Captioned web image data
⟨

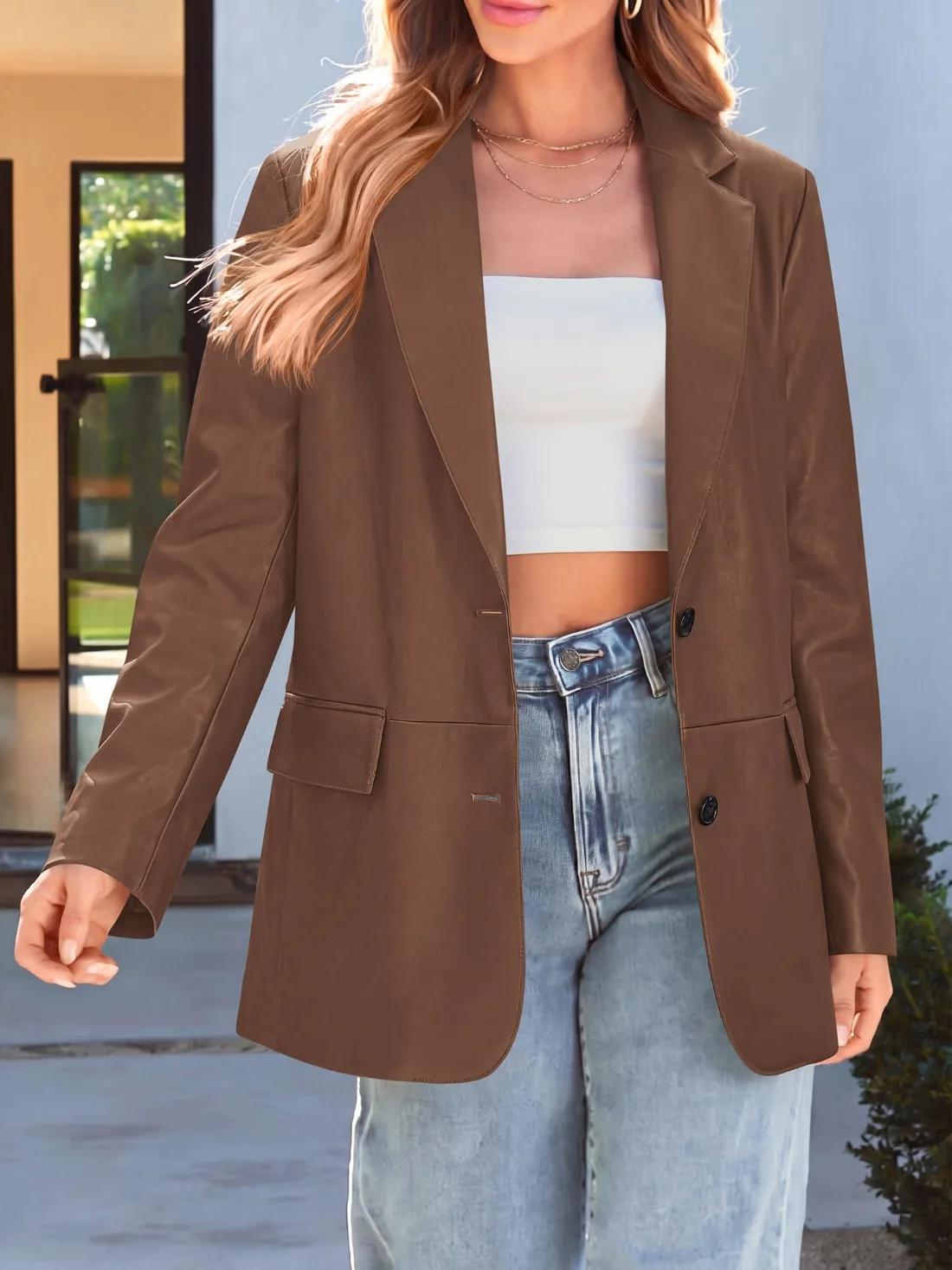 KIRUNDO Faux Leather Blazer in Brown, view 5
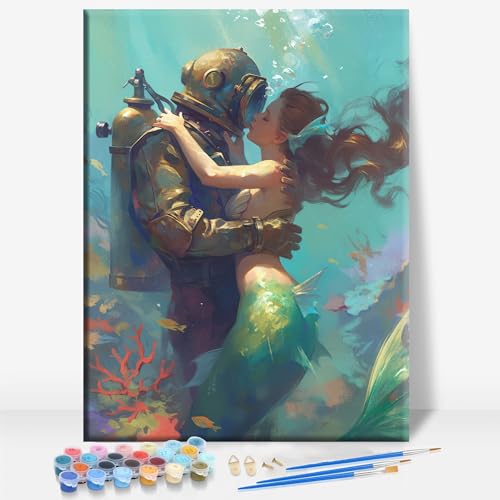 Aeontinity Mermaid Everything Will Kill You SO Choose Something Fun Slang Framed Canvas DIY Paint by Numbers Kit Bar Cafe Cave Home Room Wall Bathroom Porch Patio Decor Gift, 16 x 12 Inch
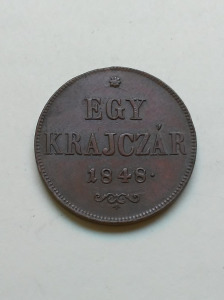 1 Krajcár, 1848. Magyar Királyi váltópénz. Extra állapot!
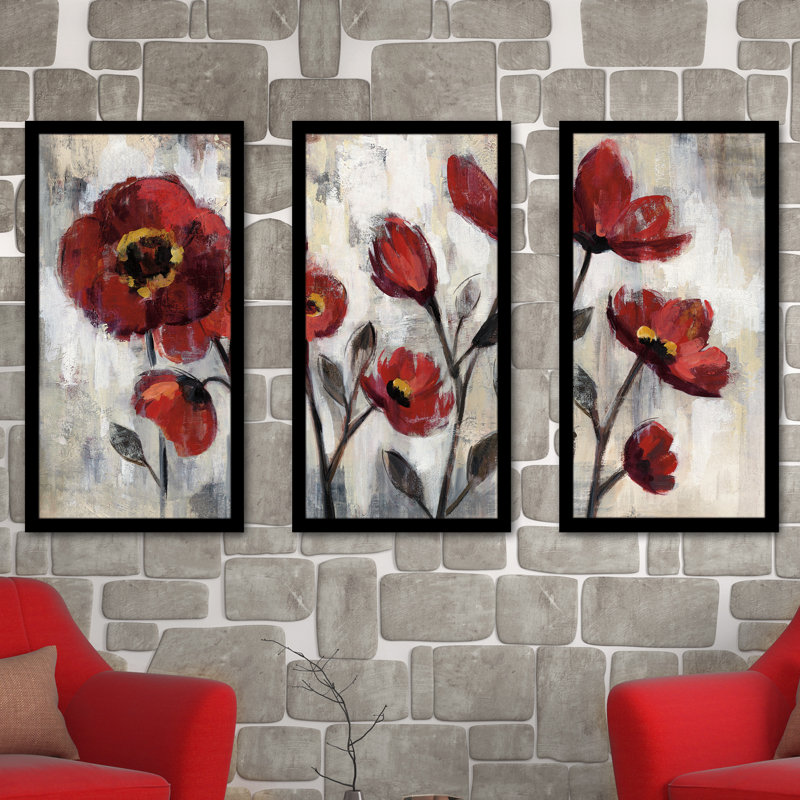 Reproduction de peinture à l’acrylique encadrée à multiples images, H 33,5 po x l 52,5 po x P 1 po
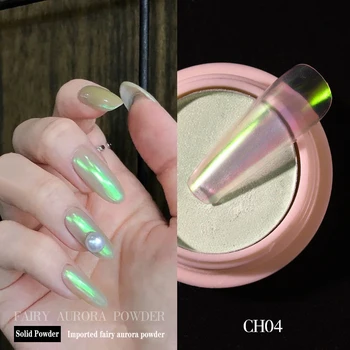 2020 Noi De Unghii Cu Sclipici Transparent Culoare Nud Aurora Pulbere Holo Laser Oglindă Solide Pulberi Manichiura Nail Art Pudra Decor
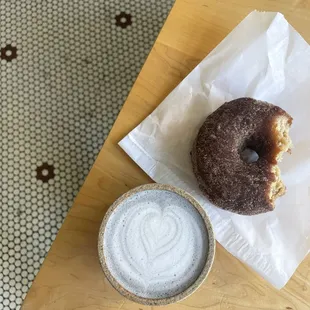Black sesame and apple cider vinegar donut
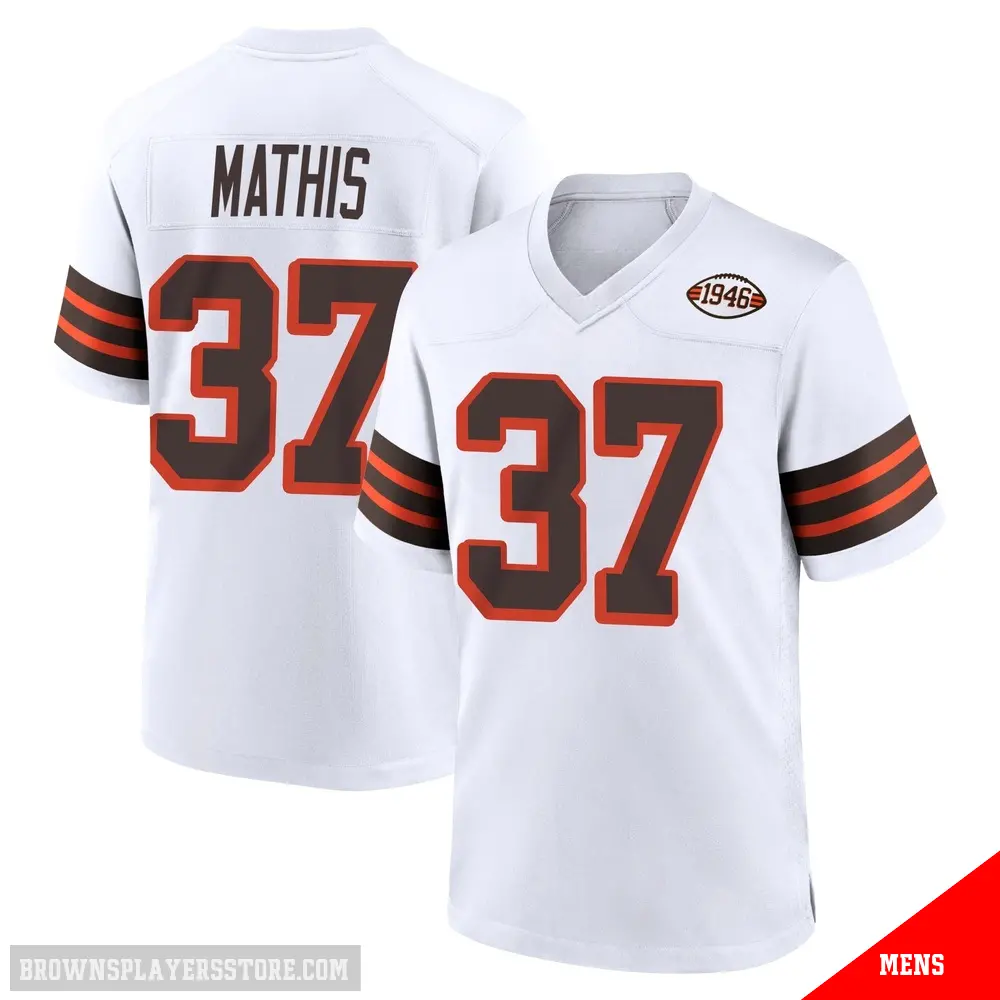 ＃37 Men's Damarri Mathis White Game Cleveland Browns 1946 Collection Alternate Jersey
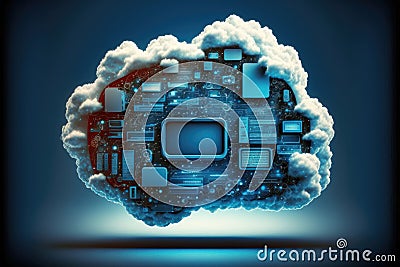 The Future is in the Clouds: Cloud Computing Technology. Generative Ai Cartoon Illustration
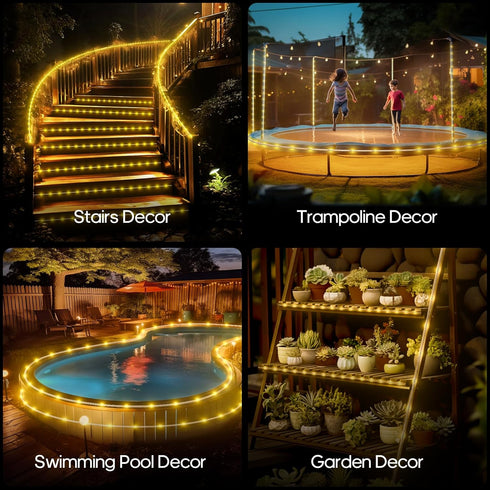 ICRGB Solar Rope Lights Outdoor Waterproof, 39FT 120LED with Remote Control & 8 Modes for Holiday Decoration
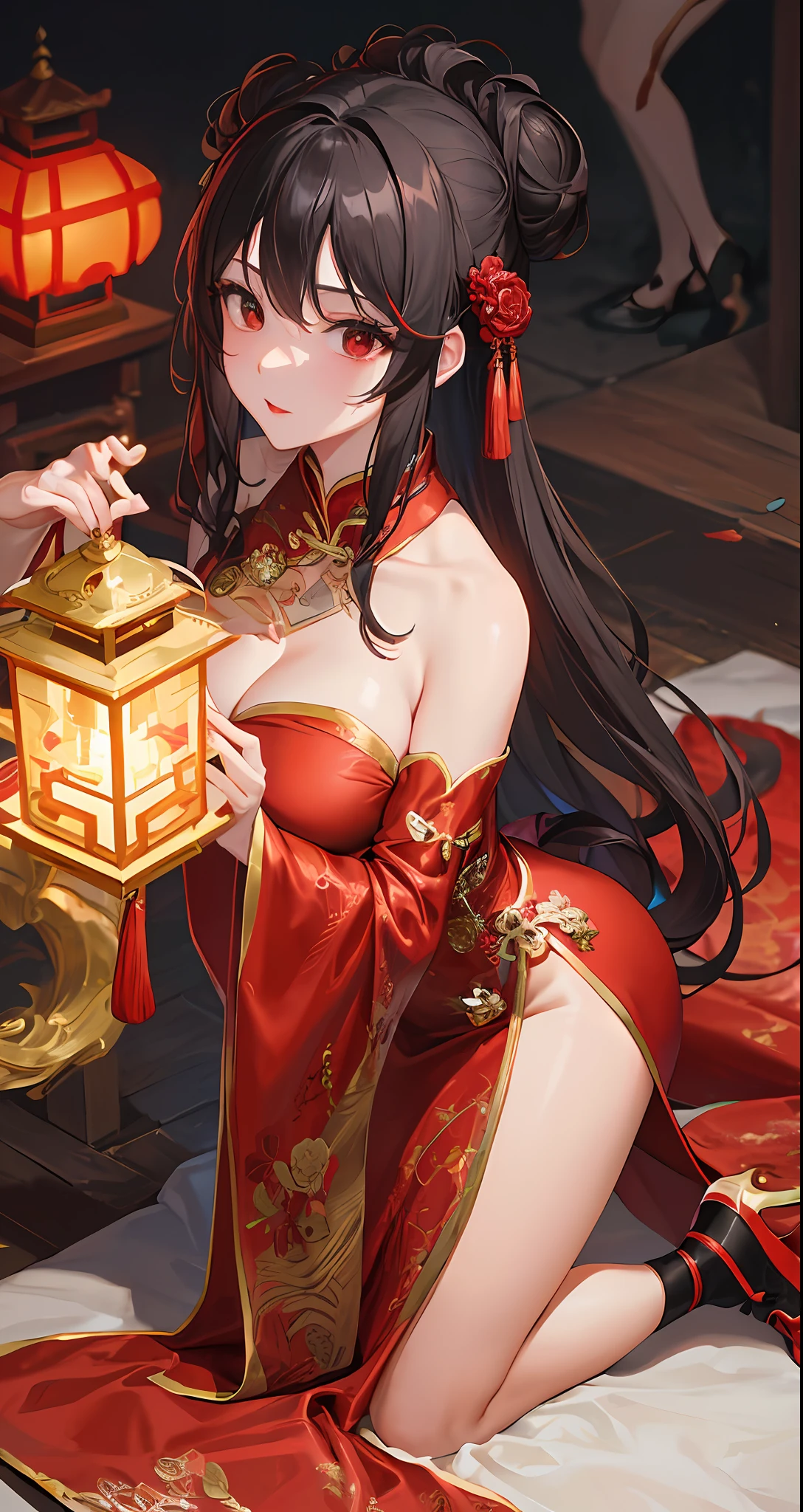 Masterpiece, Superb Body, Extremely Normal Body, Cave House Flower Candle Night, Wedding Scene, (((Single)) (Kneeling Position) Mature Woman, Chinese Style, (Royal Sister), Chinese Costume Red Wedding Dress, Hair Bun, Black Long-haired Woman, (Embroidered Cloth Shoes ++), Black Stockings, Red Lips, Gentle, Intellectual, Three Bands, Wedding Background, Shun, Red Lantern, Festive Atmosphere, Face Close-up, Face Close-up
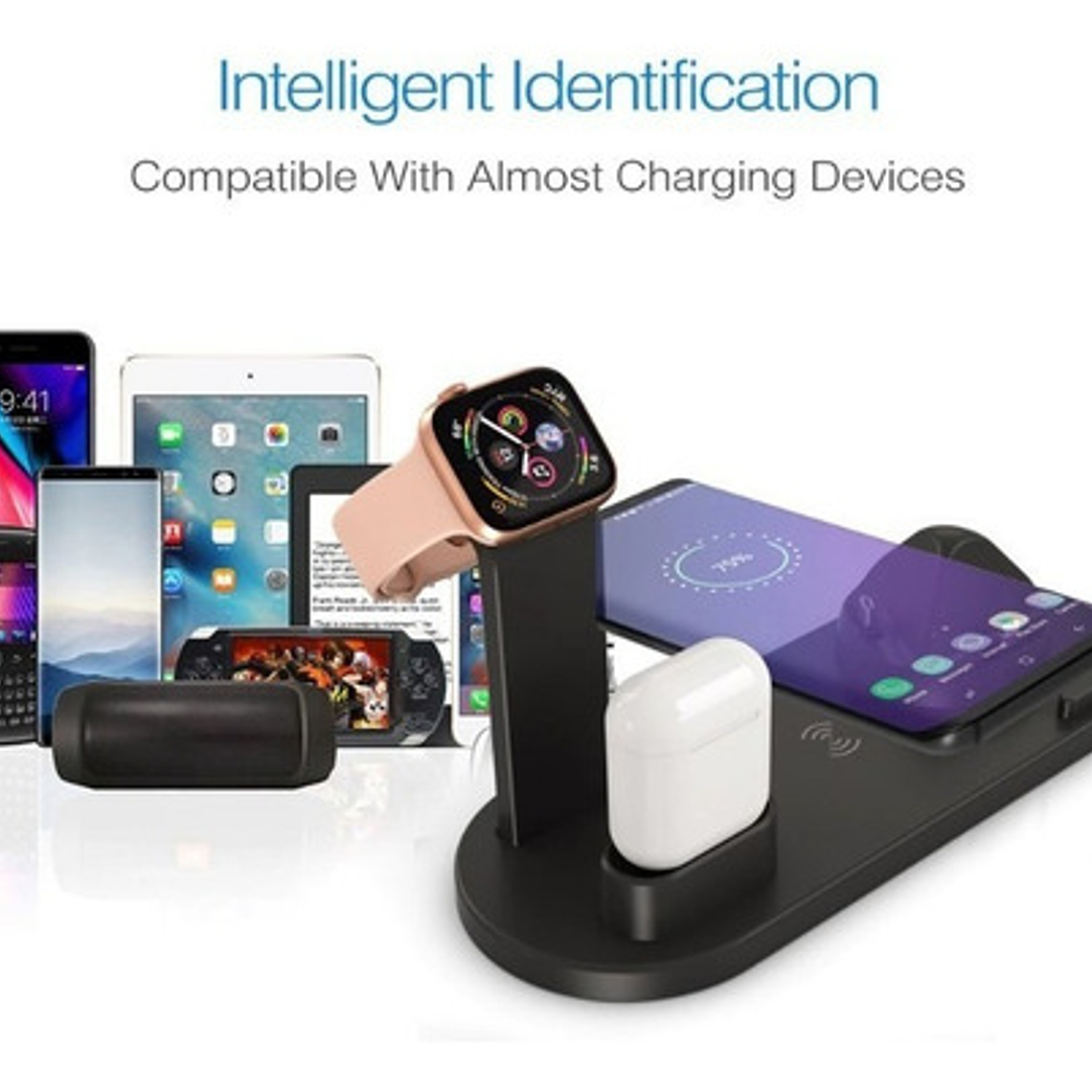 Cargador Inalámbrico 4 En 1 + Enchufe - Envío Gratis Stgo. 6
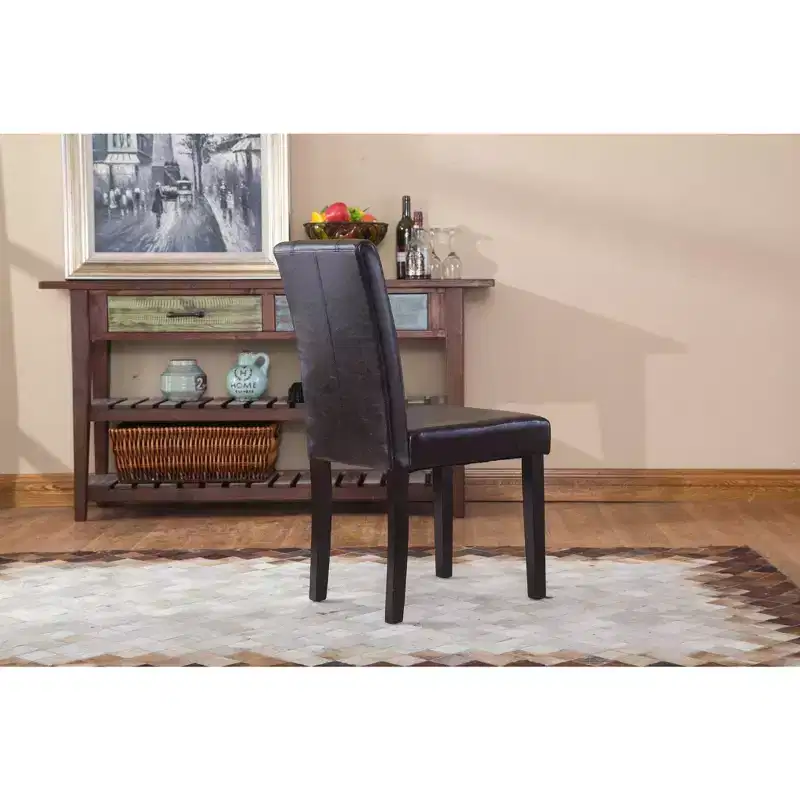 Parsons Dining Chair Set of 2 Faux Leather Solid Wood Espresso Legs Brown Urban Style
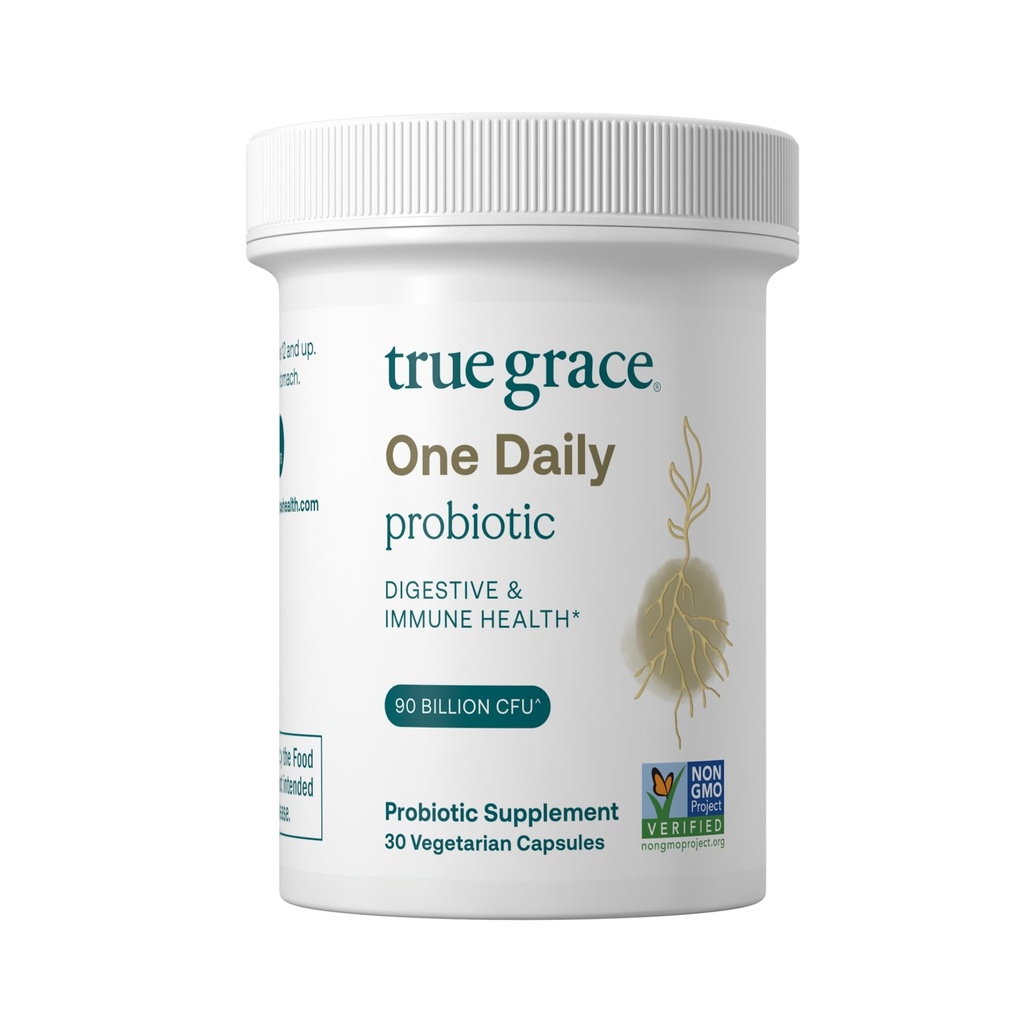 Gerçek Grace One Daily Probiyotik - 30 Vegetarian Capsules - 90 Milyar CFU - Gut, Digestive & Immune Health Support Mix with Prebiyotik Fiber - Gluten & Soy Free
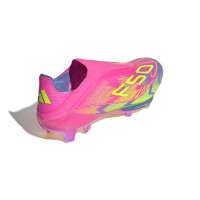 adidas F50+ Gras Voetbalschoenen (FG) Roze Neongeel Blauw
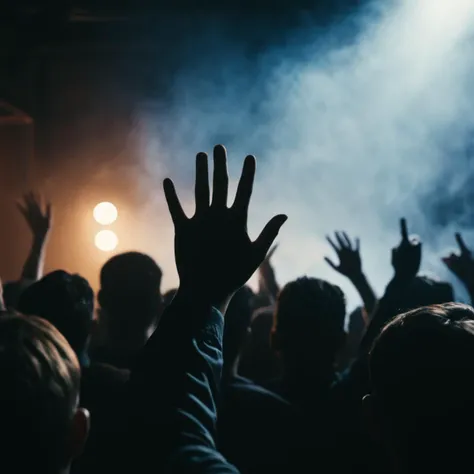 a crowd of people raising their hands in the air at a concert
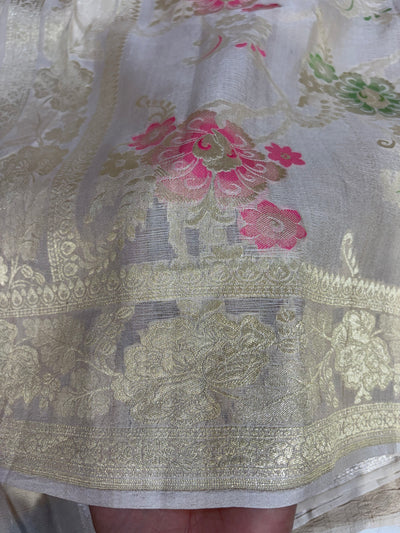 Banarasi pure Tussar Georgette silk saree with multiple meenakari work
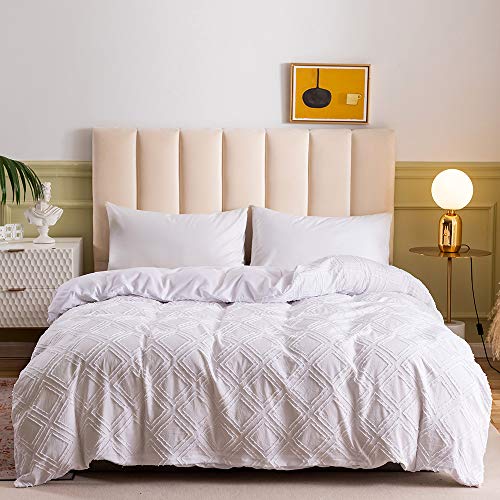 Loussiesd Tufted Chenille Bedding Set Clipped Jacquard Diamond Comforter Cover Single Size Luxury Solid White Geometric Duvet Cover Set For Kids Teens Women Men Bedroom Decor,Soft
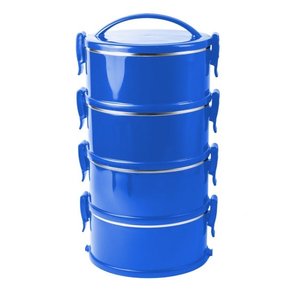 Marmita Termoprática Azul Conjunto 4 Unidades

⟩

■ **Task to complete**: Leave out the pictures and set down all of the data exactly.

■ **The completed task**:
 KIRUNDO Faux Leather Blazer in Brown, view 5
 Aeontinity Mermaid Everything Will Kill You SO Choose Something Fun Slang Framed Canvas DIY Paint by Numbers Kit Bar Cafe Cave Home Room Wall Bathroom Porch Patio Decor Gift, 16 x 12 Inch
 1 Krajcár, 1848. Magyar Királyi váltópénz. Extra állapot!
 Reproduction de peinture à l’acrylique encadrée à multiples images, H 33,5 po x l 52,5 po x P 1 po
 2020 Noi De Unghii Cu Sclipici Transparent Culoare Nud Aurora Pulbere Holo Laser Oglindă Solide Pulberi Manichiura Nail Art Pudra Decor
Black sesame and apple cider vinegar donut
 ＃37 Men's Damarri Mathis White Game Cleveland Browns 1946 Collection Alternate Jersey
 The Future is in the Clouds: Cloud Computing Technology. Generative Ai Cartoon Illustration
 ICRGB Solar Rope Lights Outdoor Waterproof, 39FT 120LED with Remote Control & 8 Modes for Holiday Decoration
 Masterpiece, Superb Body, Extremely Normal Body, Cave House Flower Candle Night, Wedding Scene, (((Single)) (Kneeling Position) Mature Woman, Chinese Style, (Royal Sister), Chinese Costume Red Wedding Dress, Hair Bun, Black Long-haired Woman, (Embroidered Cloth Shoes ++), Black Stockings, Red Lips, Gentle, Intellectual, Three Bands, Wedding Background, Shun, Red Lantern, Festive Atmosphere, Face Close-up, Face Close-up
 Cargador Inalámbrico 4 En 1 + Enchufe - Envío Gratis Stgo. 6
 Parsons Dining Chair Set of 2 Faux Leather Solid Wood Espresso Legs Brown Urban Style
 Gerçek Grace One Daily Probiyotik - 30 Vegetarian Capsules - 90 Milyar CFU - Gut, Digestive & Immune Health Support Mix with Prebiyotik Fiber - Gluten & Soy Free
 adidas F50+ Gras Voetbalschoenen (FG) Roze Neongeel Blauw
 a crowd of people raising their hands in the air at a concert
 Banarasi pure Tussar Georgette silk saree with multiple meenakari work
 Loussiesd Tufted Chenille Bedding Set Clipped Jacquard Diamond Comforter Cover Single Size Luxury Solid White Geometric Duvet Cover Set For Kids Teens Women Men Bedroom Decor,Soft
 Marmita Termoprática Azul Conjunto 4 Unidades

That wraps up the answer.